What the exercise asks: Your response should contain each line of the data that includes "Toyota".

Dataset records:
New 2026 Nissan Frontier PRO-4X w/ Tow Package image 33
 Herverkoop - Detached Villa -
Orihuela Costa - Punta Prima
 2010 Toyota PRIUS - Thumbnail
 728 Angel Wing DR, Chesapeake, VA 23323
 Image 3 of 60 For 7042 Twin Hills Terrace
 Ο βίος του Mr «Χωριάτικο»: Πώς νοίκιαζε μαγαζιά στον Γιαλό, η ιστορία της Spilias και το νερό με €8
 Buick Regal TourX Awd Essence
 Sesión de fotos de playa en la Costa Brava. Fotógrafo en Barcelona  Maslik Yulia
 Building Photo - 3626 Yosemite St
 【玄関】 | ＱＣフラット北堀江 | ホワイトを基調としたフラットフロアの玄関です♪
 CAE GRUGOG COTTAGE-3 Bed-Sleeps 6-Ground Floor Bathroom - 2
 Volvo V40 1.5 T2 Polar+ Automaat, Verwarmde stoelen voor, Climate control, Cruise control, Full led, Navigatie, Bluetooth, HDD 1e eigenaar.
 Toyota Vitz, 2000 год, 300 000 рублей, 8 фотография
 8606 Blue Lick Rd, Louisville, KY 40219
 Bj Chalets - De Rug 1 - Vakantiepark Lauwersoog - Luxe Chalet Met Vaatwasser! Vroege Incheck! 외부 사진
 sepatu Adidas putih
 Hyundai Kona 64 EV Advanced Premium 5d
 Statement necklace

Solution to this exercise:
 2010 Toyota PRIUS - Thumbnail
 Toyota Vitz, 2000 год, 300 000 рублей, 8 фотография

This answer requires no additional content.